» What is being asked: Your task is to print all of the data word for word.

Records from a dataset:
++++++++++
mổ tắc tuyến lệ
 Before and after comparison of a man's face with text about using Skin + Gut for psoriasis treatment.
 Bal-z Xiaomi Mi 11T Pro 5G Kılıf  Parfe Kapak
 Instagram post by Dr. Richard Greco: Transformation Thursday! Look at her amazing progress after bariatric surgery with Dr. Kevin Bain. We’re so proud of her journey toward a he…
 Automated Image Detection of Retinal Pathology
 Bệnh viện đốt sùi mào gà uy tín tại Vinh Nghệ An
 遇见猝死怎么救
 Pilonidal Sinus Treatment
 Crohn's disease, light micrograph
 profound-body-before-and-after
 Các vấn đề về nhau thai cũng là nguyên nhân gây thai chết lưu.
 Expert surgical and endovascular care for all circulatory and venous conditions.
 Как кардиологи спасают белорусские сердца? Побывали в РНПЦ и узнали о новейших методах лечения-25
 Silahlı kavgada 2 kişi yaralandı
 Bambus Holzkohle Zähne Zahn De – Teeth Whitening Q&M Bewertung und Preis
++++++++++
» Solution:
mổ tắc tuyến lệ
 Before and after comparison of a man's face with text about using Skin + Gut for psoriasis treatment.
 Bal-z Xiaomi Mi 11T Pro 5G Kılıf  Parfe Kapak
 Instagram post by Dr. Richard Greco: Transformation Thursday! Look at her amazing progress after bariatric surgery with Dr. Kevin Bain. We’re so proud of her journey toward a he…
 Automated Image Detection of Retinal Pathology
 Bệnh viện đốt sùi mào gà uy tín tại Vinh Nghệ An
 遇见猝死怎么救
 Pilonidal Sinus Treatment
 Crohn's disease, light micrograph
 profound-body-before-and-after
 Các vấn đề về nhau thai cũng là nguyên nhân gây thai chết lưu.
 Expert surgical and endovascular care for all circulatory and venous conditions.
 Как кардиологи спасают белорусские сердца? Побывали в РНПЦ и узнали о новейших методах лечения-25
 Silahlı kavgada 2 kişi yaralandı
 Bambus Holzkohle Zähne Zahn De – Teeth Whitening Q&M Bewertung und Preis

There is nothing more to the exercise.